Tornano le “lucciole” lungo la Pontebbana

Donne italiane e straniere a caccia di clienti specie tra Zoppola e Codroipo. Il comitato per i diritti delle prostitute: la crisi ha aumentato la concorrenza

PORDENONE. Donne, anche italiane, che aspettano sul ciglio della strada. Non su una strada qualsiasi, ma la Pontebbana. Donne che aspettano, non un passaggio ma un cliente. La prostituzione torna a farsi vedere sul versante pordenonese della ex statale 13. Nel tratto tra Zoppola e Casarsa soprattutto. Nessun fenomeno allarmante, ben s’intenda, nessuna via a luci rosse, ma forse la fotografia di un fenomeno sociale che risente, non meno di altri, del mutamento delle condizioni anche economiche del territorio.

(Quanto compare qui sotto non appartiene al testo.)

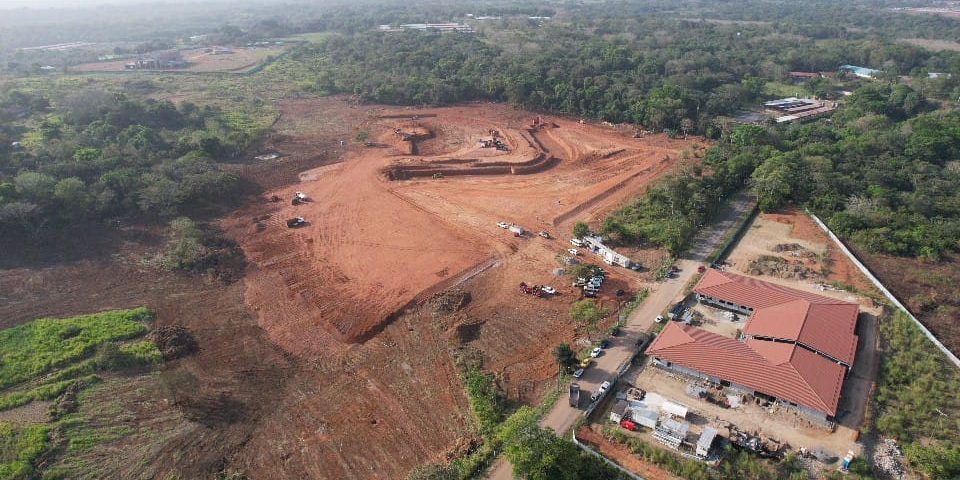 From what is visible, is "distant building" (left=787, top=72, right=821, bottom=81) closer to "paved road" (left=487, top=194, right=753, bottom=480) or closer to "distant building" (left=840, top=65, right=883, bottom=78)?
"distant building" (left=840, top=65, right=883, bottom=78)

Donne che lavorano sulla strada ce ne sono anche in provincia, come conferma Pia Covre, fondatrice insieme a Carla Corso del comitato per i diritti civili delle prostitute. «Conosciamo le donne che lavorano nel tratto tra Casarsa e Codroipo. Non mi risulta che ci siano donne nuove, ma potrebbe essere. Oppure potrebbe essere che siano le stesse che si fanno vedere di più perché il lavoro, anche nel campo del sesso, scarseggia.

La domanda è in calo e la concorrenza, specie di ragazze giovani, è molta». E allora, un po’ come i negozi aperti sette giorni su sette, anche le professioniste del sesso sono costrette a rimanere in vetrina più a lungo. Le tariffe sono sempre più basse «perché i clienti hanno pochi soldi e cercano di spendere meno – è l’analisi della referente del comitato – e perché la ragazze giovani sono tante e sono disponibili a prestazioni a prezzi ridotti». La legge del mercato, insomma, non risparmia nessun settore.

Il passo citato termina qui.